My wife and I decide hiking in fire steep fire prone canyons might no longer be a safe or smart activity. We rethink the defensible perimeters of our two Northern California homes.
Activists in Napa County after evacuating Calistoga return. The hillsides of what are identified as wildfire zones, has altered the politics of the well funded possible. Everyone and everything was under reconsideration.
By strange quirk of coincidence while the state’s drought had been broken there remained one length of coastline south of Santa Maria and north of Oxnard that the storms had passed by. Maybe next year, the fire season was winding down, it was the end of the year crews had finished their work and disbursed back across the landscape.
I missed my deadline. I’d hoped to bring the novel to a close by November of 2017. I still had the last chapter to complete.
Then, on December 4th a fire broke out 48 miles east of Santa Barbara. A month later a fire that had started in Santa Paula burned through 281 thousand acres and before finally being brought under control menaced the city of Santa Barbara and wrought untold destruction to Montecito.
The novel I had outlined in 2015 was completed by the end of 2017. My editor and I finished our developmental and copy edits. I sent the manuscript out to my trusted core of preview readers prior to sending it out to acquisition editors.
There were problems, many problems, my fourth novel was not ready for prime time.
I was preparing the sailboat in San Francisco for this summers roundtrip to Santa Catalina Island. I am in the midst of this seasons sailing now. There wasn’t sufficient time to prepare the boat and repair the manuscript. By February the decision was made. Put the novel in a drawer.
In the last two weeks I finally opened the drawer. I’ve not written a word. I am reading.
Initially I’d imagined a pastoral piece, spiced and drenched in culinary cleverness. A sendup to our foodie’s in Northern California. I’d accommodated the ongoing drought and hadn’t anticipated the relentless wildfires.
Last weeks fires in Redding were awful enough. Now, today the Mendocino Complex Fire has surpassed total acreage burned of any fire in the states history. 283 thousand acres burned.
My story describes the fictional fate of just 2500 acres, a place the size of two and a half Golden Gate Parks. The Valley Fire, Northern California Firestorm, Thomas Fire, Carr Fire and Mendocino Complex Fire together describe an area of very near one million acres.

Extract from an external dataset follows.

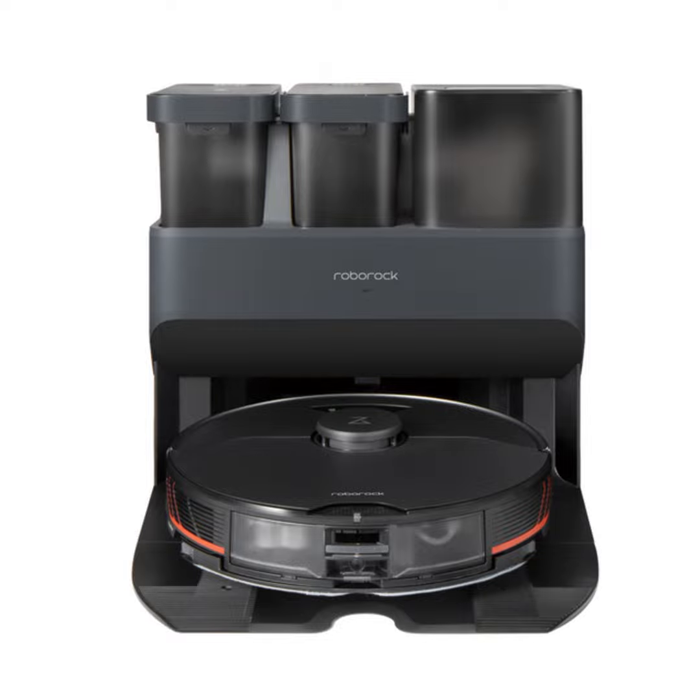It's a robotic vacuum and also a sonic mop, and is smart enough to know which to use depending on the surface it's on. And when mopping, it returns to its base as needed to clean, empty, and refill automatically.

A Passage Only Half Complete
We are in the midst of the hottest week of the summer in Los Angeles in a world that is breaking records for the hottest summer ever in Europe. My characters in my novel are ordinary. They care about the world they live in but the written characters possess no tangible influence on the levers located at the seat of power in the county government offices. Keeping pace with the changing climate, trying to make sense of the chaos back in our nations capital, trying to explain the threats pressing down on one small wine growing region in all the world has somehow and in most all ways been touched by the out of control global forces. Humanity and the uncontrollable nature of wildfire are this seasons outsized forces pleading with us to wake up and change. Whether we like it or not, whether we want to or not, changing the way we organize ourselves on this fragile planet is coming. I’m writing about that change now.